Please wait a few moments while we process your request
Please wait...

Luc Courchesne

Paysage n° 1 (Landscape One)

Luc Courchesne, Landscape One, 1997
Luc Courchesne, Landscape One, 1997 Luc Courchesne, Landscape One, 1997 Luc Courchesne, Landscape One, 1997
Landscape One is an interactive video panorama for multiple users consisting of a network of four computers with touchplates, microphones and body detectors, four videodisc players, video projectors, and screens on which video images of Mount-Royal Park in Montréal are projected. The installation was commissioned by the InterCommunication Center, in Tokyo.

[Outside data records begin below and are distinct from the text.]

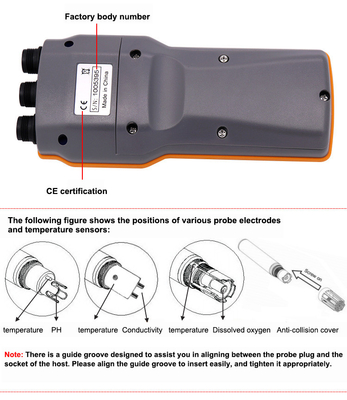 Combo 5 in 1 PH/COND./D.O/TEMP Water Meter For Aquaponic AZ86031 Portable Fish Pond IP67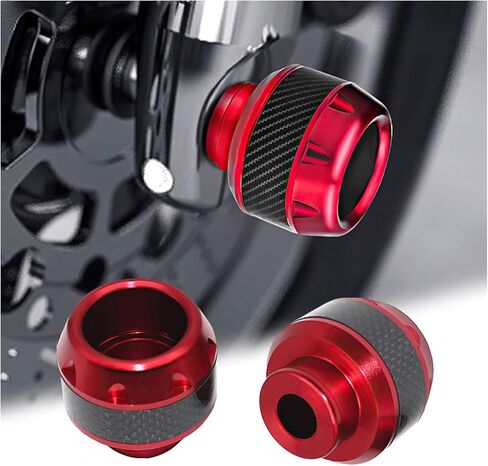Universal Motorcycle Frame Slider, Aluminum Alloy and Carbon Fiber, Front Fork Crash Protector for Motorbike and Scooter, Red in Kuwait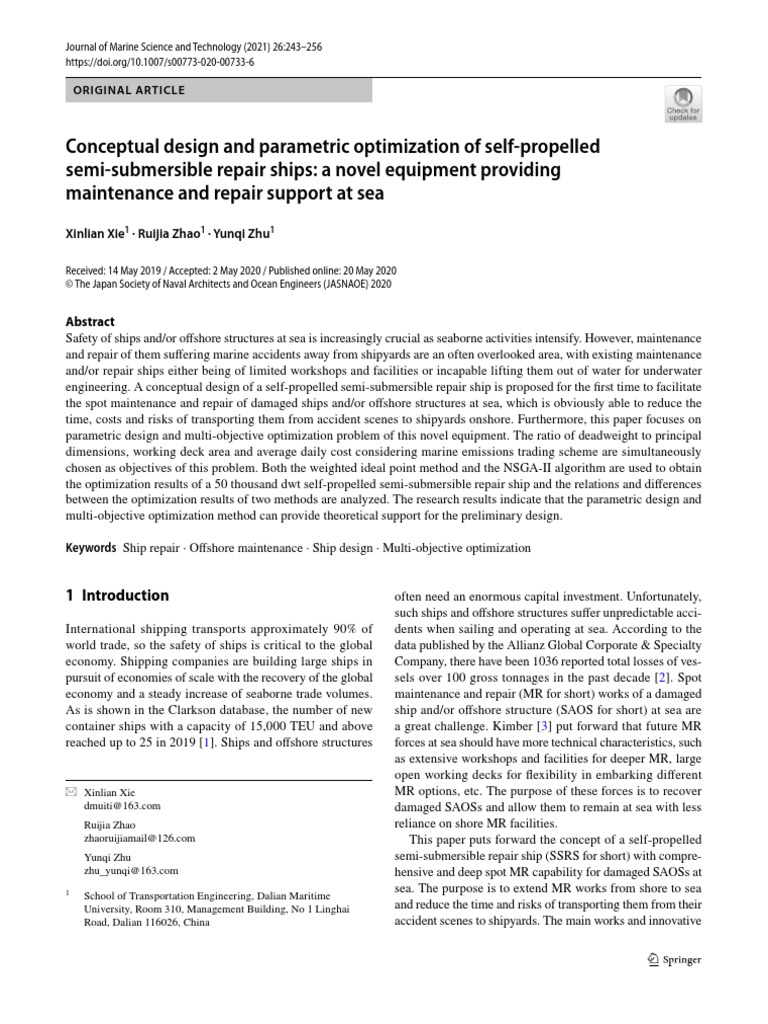 Conceptual design and parametric optimization of self propelled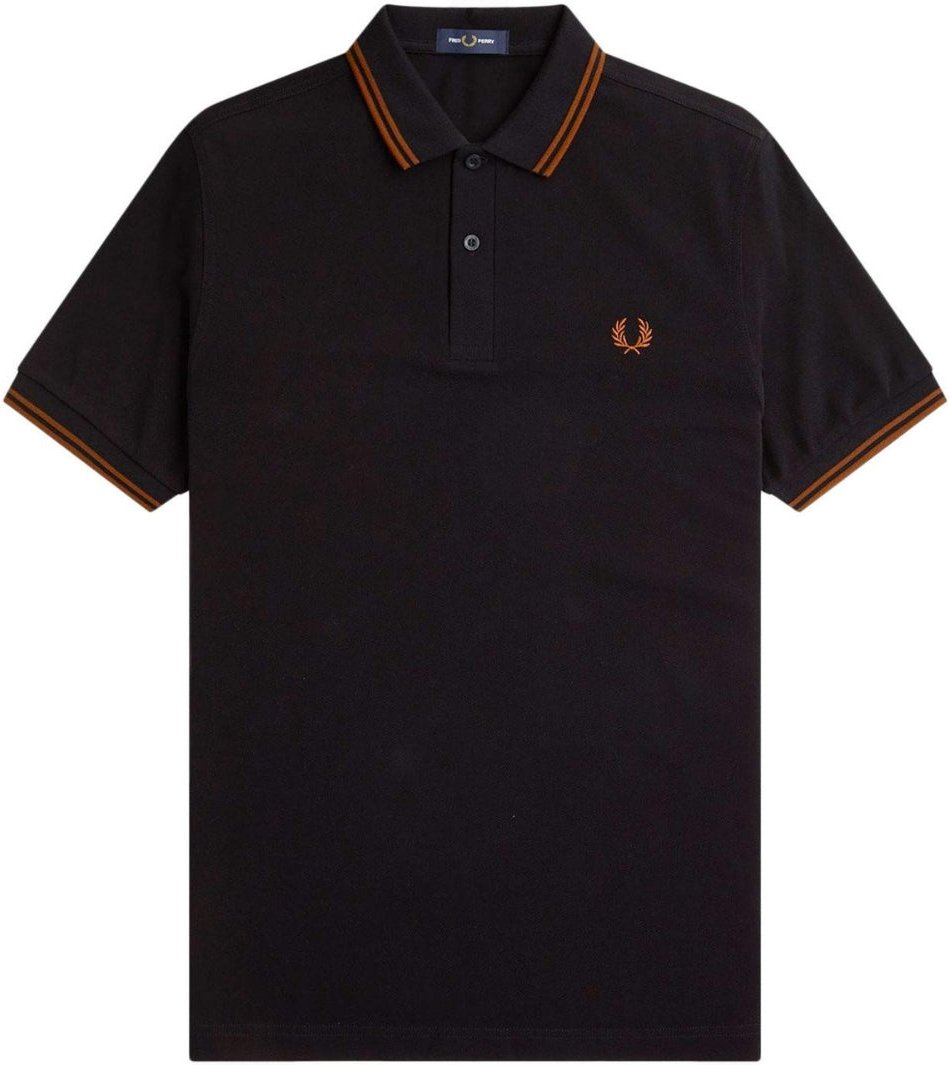 Fred Perry - Whiskybraunes Poloshirt Mit Doppelstreifenkragen In Schwarz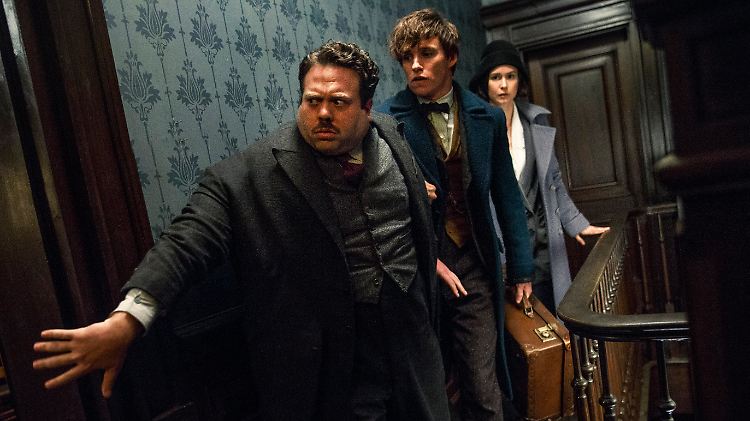 Jacob Kowalski (l.) entdeckt durch Newt Scamander (M.) eine völlig neue Welt.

The visitor, set in the centre of a panoramic landscape, watches the unfolding scenes of a public garden, recorded over a period of 24 hours. There appear events and characters, virtual actors, with whom spectators can communicate if they wish. Although the characters seem free to roam the landscape, the visitor cannot do so without being guided by one of them. First, a character must be contacted, either by voice or by using an on-screen pointer to select from predetermined questions or comments. When visitors ask questions they are drawn into a conversation, a set of which seems to take the form of a friendly relationship. The hook of the game is to try to keep this relationship going, for if the visitors lose contact with the virtual interlocutor, the latter will abandon them.

Luc Courchesne has often spoken of the links between his work and painting, particularly portraiture and landscape. While Landscape One evokes Manet's Le Déjeuner sur l'herbe (1863), it is also, as were his earlier portraits, an experience in dialogic communication this time between people whose movements through space seem to reveal their personality. His subject is also space and its conquest through human and social relations. As such, this voyage through space is also a voyage through words, meaning, language and subjectivity. The work presents not only a physical world where action takes place, but also enacts its various meanings according to human parameters.

In 1997, Landscape One was awarded the Grand Prize at the first Biennale of Tokyo's NTT InterCommunication Center.